So So-Cal Surfing, Bra

The motto of any East Coast surfer is: “Take what you can get and be happy with it.” As sad as this may be, it is very true. Waves tend to pound the Eastern seaboard consistently once a year in the fall and a couple of times during the brutally cold winters.

In the summer when the waves should be coming through, all we can do is sit in the water as fat tourists float by screaming at their wives on the beach to take a picture of the newly crowned “Seaweed King”.

Though this sounds like a nightmare to some, for the surfers, it is all we have. But a reasonable solution to this problem (aside from arming surfers with tourist-seeking spear guns) is to look into some intercontinental travel. The words ‘surf travel’ often bring to mind warm barrels in the South Pacific while islanders row around in their canoes over the shallow reefs. As nice as this would be, it is not always a reality.

When most people think of California they think of the Malibu scene in ‘Endless Summer’ where Robert August rides a knee high wave through hoards or beach goers narrowly missing each and every one of them. If they don’t think of that, then they think of stuffy line ups with localism so prevalent in the water it washes up on the beach.
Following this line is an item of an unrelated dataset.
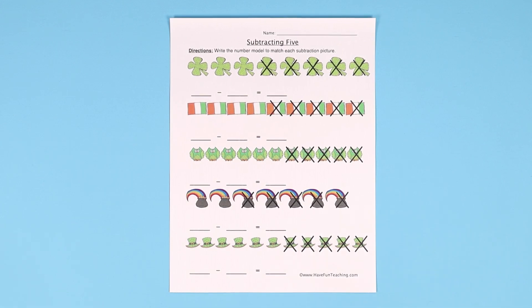Hey teachers, here's a fun subtracting 5 worksheet for St. Patrick's Day on havefunteaching.com. In this one, there are 5 different math problems for subtraction, and each of them is dealing with subtracting 5.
While these two stereotypes of surfing in California may be partially true, they are mostly wrong. The water even in Southern California is too cold for the average person to just stand in nine out of twelve months of the year. And the only thing that would get you in trouble in the water with the locals is showing disrespect for them. But if you are from the East, you realize how crucial every wave is for everyone so sharing waves is something you’ve known to do since you learned to share blocks.

Southern Californian surfing is a thing of beauty for any surfer from the East. Not only because the breaks are plentiful, the waves tend to be what we would call “huge” more often than not, but there is either a Krispy Kreme or an In N’ Out around every corner. The constant miles and miles of road-accessed shoreline makes surfing nearly any wave in Southern California possible for even the mere mortal surfers.

When heading north from San Diego, just before you cross over the border where the Gucci warriors driving their pastel colored BMW’s live in Orange County, a break sits that is very well known by the surfers who should be surfing there. Trestles is a surf spot that some consider to be the best contest wave in the country. Long, nearly perfect a-frames make any normal surfer feel like Kelly Slater. The waves break within a hundred yards of shore which makes the paddle out a relatively easy one and a good place for spectators and filmers.

The walk from the parking lot to Trestles takes about twenty minutes but most locals do it on a longskate or a pimped out low-riding bike. Many pros who live in the area often make the trek so it is beneficial to keep one’s eyes open.

A half hour south of Trestles is a right point-break called Swami’s. Swami’s is just north of the easily accessed Cardiff Reef, so anyone unaware of the picturesque rights that hit the point just head to the Reef.

That is what makes Swami’s a special place to surf: The brotherhood of people who have been surfing there for most of their lives.

Granted most of these guys are hairy chested middle aged longboarders with a paddling style that will run over you without missing a beat, but it is a good scene nonetheless.

Further south from Swami’s is Black’s which is far and away the best beach break in the county. Everyone knows about it but the access to the beach itself involves parking in the neighborhood where Diana Ross lives in her $3 million home, and hiking down a grueling mile long hill. This prevents the lunch break surfer from catching a few waves at Black’s because it is such a commitment.

When Southern California gets a swell, Black’s gets hit the hardest. Heavy, hollow rights, and fast racy lefts make this beach the spot of choice if you’re packing heat under six feet.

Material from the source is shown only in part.